Longtemps décrié par la gauche, le bouclier fiscal soulève une très vive polémique, en ce moment, dans les rangs de la droite. Cet instrument est-il à l’image de la politique fiscale conduite 
par la droite depuis 2002  ?

Olivier Ferrand. La totalité des réformes consiste à redistribuer du pouvoir d’achat aux Français les plus aisés. Trente millions d’euros par an sont ainsi redistribués aux 5 % les plus riches. Le bouclier fiscal est l’emblème de cette politique fiscale. Alors que l’ensemble des pays occidentaux se lancent dans une politique inverse de réaugmentation des impôts des citoyens les plus aisés pour lutter contre les inégalités et redonner du pouvoir d’achat aux victimes de la crise. Aux États-Unis par exemple, le taux marginal de l’impôt sur le revenu est passé de 40 à 50 % pour les plus riches.

Vous parlez, dans votre étude sur la politique fiscale menée par la droite depuis 2002, de « redistribution à l’envers », Qu’entendez-vous par là  ?
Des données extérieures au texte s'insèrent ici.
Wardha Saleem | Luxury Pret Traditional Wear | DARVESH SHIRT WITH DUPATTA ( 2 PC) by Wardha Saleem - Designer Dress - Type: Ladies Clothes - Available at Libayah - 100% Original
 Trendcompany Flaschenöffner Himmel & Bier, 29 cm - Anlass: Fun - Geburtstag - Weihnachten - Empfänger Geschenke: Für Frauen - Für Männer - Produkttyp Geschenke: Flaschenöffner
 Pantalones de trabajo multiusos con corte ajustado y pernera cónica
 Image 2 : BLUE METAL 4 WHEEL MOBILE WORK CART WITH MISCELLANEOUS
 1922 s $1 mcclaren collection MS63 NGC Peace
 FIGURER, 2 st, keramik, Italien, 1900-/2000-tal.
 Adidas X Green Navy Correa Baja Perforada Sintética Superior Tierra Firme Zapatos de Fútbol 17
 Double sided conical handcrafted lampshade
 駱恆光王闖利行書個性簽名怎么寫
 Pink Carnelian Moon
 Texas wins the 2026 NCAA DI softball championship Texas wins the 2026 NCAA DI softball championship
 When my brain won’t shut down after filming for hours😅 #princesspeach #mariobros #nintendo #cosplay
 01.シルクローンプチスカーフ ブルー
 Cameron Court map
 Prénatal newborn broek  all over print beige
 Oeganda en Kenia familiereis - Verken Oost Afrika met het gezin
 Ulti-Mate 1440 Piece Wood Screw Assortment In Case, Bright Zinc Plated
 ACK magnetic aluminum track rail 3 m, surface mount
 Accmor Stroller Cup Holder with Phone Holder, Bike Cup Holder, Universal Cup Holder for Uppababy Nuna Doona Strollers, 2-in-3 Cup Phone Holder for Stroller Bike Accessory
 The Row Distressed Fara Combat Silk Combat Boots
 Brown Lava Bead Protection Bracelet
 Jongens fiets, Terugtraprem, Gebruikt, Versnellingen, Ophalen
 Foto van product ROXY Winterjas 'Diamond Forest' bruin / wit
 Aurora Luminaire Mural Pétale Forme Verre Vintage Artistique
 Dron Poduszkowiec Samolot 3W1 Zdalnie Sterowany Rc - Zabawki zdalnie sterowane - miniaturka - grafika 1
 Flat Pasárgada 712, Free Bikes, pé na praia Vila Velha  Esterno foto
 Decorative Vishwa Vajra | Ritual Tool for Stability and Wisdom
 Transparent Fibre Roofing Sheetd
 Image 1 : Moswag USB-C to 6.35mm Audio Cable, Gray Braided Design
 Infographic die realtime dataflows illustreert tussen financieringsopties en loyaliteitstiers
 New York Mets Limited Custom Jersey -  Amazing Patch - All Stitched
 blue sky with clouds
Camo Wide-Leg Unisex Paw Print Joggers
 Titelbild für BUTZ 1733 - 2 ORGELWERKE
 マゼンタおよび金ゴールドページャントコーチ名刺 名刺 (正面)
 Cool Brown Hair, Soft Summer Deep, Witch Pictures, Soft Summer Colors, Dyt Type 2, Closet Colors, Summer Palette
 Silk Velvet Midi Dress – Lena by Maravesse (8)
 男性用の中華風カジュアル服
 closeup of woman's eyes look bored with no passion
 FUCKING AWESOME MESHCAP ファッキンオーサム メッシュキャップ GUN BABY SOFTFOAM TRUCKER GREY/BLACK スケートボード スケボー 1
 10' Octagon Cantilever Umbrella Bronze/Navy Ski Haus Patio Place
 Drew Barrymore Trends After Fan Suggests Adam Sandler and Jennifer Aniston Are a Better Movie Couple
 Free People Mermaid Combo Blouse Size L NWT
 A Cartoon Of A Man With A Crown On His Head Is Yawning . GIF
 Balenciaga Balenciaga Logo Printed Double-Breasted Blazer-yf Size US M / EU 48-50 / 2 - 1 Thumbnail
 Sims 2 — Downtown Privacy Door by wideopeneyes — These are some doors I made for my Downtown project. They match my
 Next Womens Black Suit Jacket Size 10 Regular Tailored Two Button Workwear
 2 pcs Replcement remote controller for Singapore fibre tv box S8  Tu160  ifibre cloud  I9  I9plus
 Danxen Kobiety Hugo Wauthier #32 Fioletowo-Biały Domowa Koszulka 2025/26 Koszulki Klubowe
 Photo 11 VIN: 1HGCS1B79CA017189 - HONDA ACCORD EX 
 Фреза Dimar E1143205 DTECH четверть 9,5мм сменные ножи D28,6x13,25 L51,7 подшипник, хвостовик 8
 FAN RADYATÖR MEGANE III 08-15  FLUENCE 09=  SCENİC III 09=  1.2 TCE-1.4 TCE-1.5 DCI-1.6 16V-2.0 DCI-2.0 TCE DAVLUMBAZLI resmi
Olivier Ferrand. La politique fiscale depuis 2002 est marquée par des prélèvements obligatoires stables. Ce qui veut donc dire que les cadeaux fiscaux faits aux ménages les plus aisés ont été financés par une hausse des impôts sur le reste des Français, c’est-à-dire les classes moyennes et populaires, au nom d’une vision de la société propre au président de la République. Une société méritocratique, où le mérite est confondu avec la réussite financière personnelle.

Quels impôts ont le plus diminué  ?

Olivier Ferrand. En volume, c’est l’impôt sur le revenu. Ensuite, toute la palette a été utilisée pour alléger la fiscalité sur les rentes. Il y a eu bien sûr celle sur l’ISF avec le bouclier fiscal ; les droits de succession qui sont tombés à 5 milliards d’euros, soit quasiment plus rien.

Quels ont été les effets 
sur la croissance et l’emploi  ?

Olivier Ferrand. Un des arguments était de dire que la réforme permettrait de faire revenir les plus hauts revenus et donc des décideurs économiques qui participent à la croissance française. Rien ne permet d’affirmer aujourd’hui qu’il y a des succès économiques sur ce plan-là. Par ailleurs, une politique fiscale permet de soutenir la consommation et l’emploi quand celle-ci cible ceux qui consomment, c’est-à-dire les classes moyennes et populaires. Faire de la redistribution fiscale en faveur des ménages les plus aisés ne relance pas la consommation mais accroît l’épargne.

Faut-il un débat national 
sur la fiscalité en France  ?

Olivier Ferrand. Le dernier grand rapport qui a été fait sur l’architecture du système fiscal français, en 1994, montre que contrairement à ce que l’on pourrait croire, ce dernier n’est pas redistributif. La pression fiscale et sociale qui pèse sur les ménages en France n’est absolument pas progressive mais proportionnelle. Ainsi, le taux de TVA est le même pour tous, ce sont les ménages modestes qui déboursent le plus. En réalité, le seul impôt progressif est celui sur le revenu, mais il a tellement été raboté depuis 2002 qu’il a perdu une grande partie de son efficacité redistributive. Il y a donc fort à parier que le système est désormais régressif, c’est-à-dire que les Français modestes paient proportionnellement plus d’impôts que les plus aisés. Il est donc urgent de réfléchir et de proposer une grande réforme fiscale afin de restaurer une justice sociale et sa redistribution.

Vous dénoncez une fiscalité 
qui accroît les inégalités, 
mais celles-ci ne sont-elles pas d’abord le reflet d’une économie tournée vers la finance  ?

Olivier Ferrand. Nous sommes rentrés dans un nouveau capitalisme plus financier, plus individualisé, créateur de plus d’inégalités. Il y a une captation de la richesse par les très hauts revenus. Aux États-Unis, les 10 % les plus riches gagnaient 8 fois plus que les 10 % les plus pauvres en 1980, aujourd’hui, ce rapport est de 1 à 20. Les inégalités salariales sont revenues au même niveau qu’en 1900. En France, le chiffre était de 1 à 7 en 1980, il est aujourd’hui de 1 à 10.